Yet so many Human Resources and Training departments still cling doggedly to them while the world, and world of work, around them changes dramatically. From my own experience. I can attest not only to their dubious effectiveness but also to the incredible damage they have wreaked up some very talented people.
A quick background: Birthed in the 1970’s, the competency model was built on the basis that leaders were born not made. The notion was that there are natural leaders who have innate talents that simply could not be taught. This was characterised by the ‘great man theory’. The ‘great man’ was someone who led in times of great crisis or who transformed the social order of countries or companies. They were closely studied and their leadership characteristics identified. They would include courage, vision, charisma, action orientation, to name a few.
This theory, more commonly known as the trait theory, led leadership guru Warren Bennis, in the late 70’s, to study American leaders with the anticipation that he could ‘codify’ effective leadership. Consider just how many books about legendary political or corporate leaders were written and devoured by ambitions managers at that time. Anyone who desired to ‘do leadership better’ was armed with these traits, depending on who they most admired.

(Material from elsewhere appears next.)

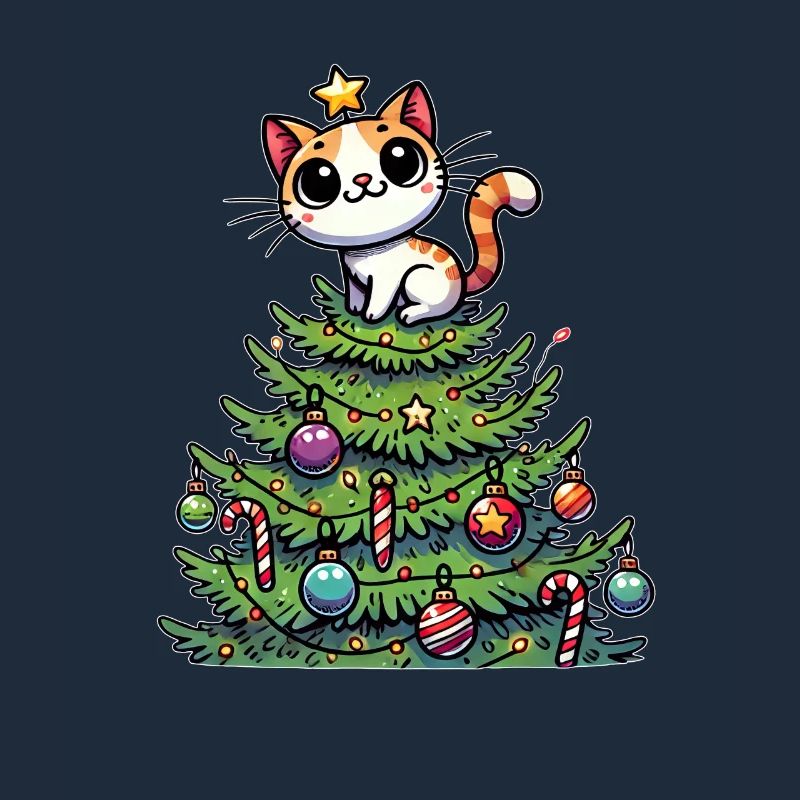 Funny Cat Christmas Tree Whimsical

But it flew in the face of the ‘born leader’ theory – yes maybe leaders could be made or modeled.
Leadership development practitioners latched onto the trait theories. They seemed proven, quantifiable and performance generating – just what the nascent human resource profession of the time needed. The competency model took off.
Fast forward 40 years to the second decade of the 21st Century. Notwithstanding copious research debunking the model and thousands of broken yet still latently talented people, it appears many HR practitioners and training companies are still intoxicated by the notion that effective leaders have similar characteristics, and that if we can codify them and train people to exhibit them, we can grow more effective leaders. Tragically leadership competencies are still advocated and remain firmly embedded in many organisations – particularly large corporates.

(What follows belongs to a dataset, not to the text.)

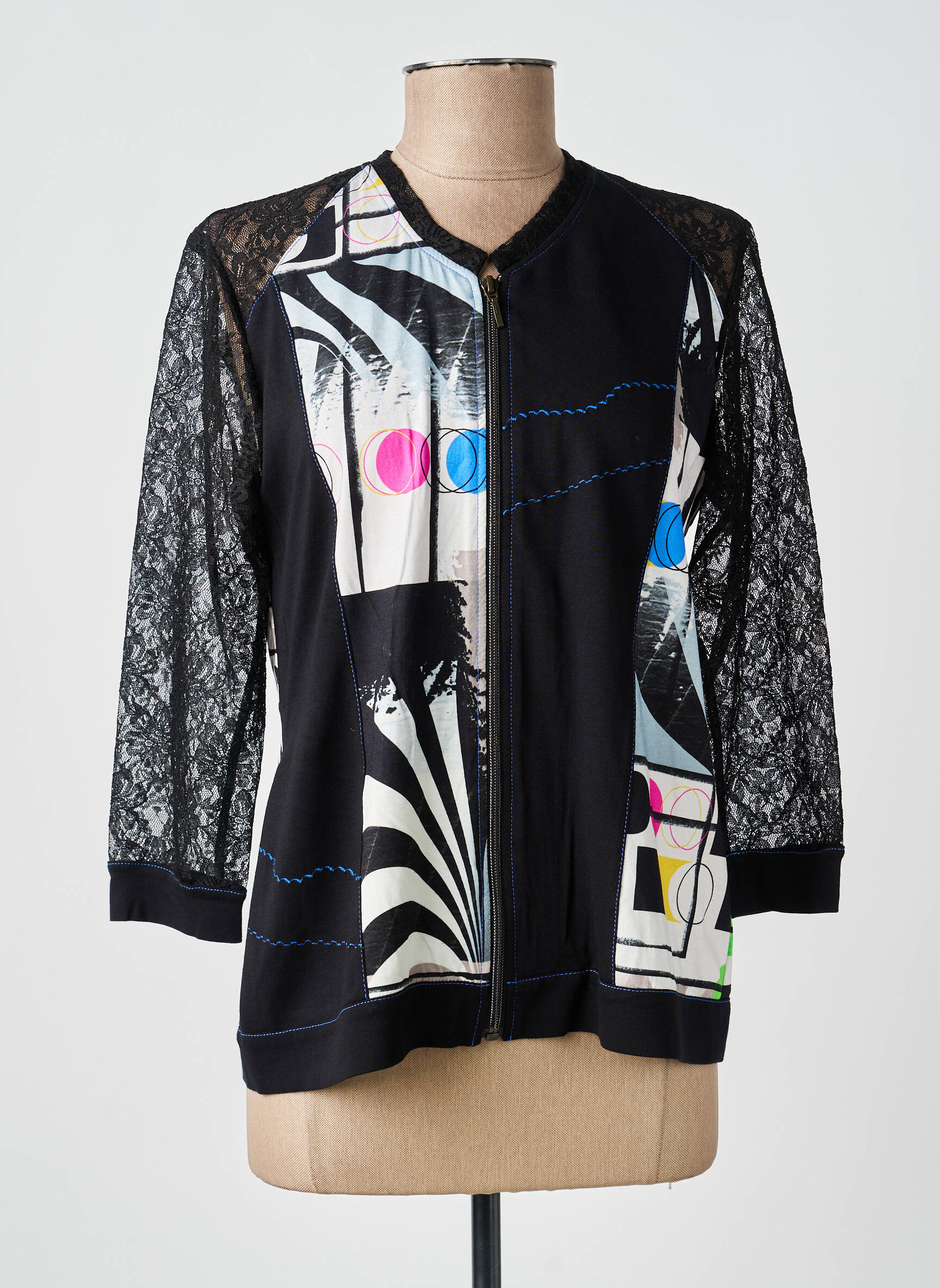 Veste casual fermeture zippée sur le devant noir GUY DUBOUIS femme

The truth is that most large corporations are still structured in the top down hierarchy that characterised efficiency in the Industrial Age. If your organisation charts are still ‘triangles’ – you are still there. It is classic Taylorism, a 100-year-old management philosophy. Don’t think, just do. Follow instructions. This was the unspoken mantra.
If your organisation is still structured in an industrial-age triangle model, then, whether you like it or not, you are still programmed for the industrial-age desire of more management and less true leadership. Be warned, you’re in for a tough time.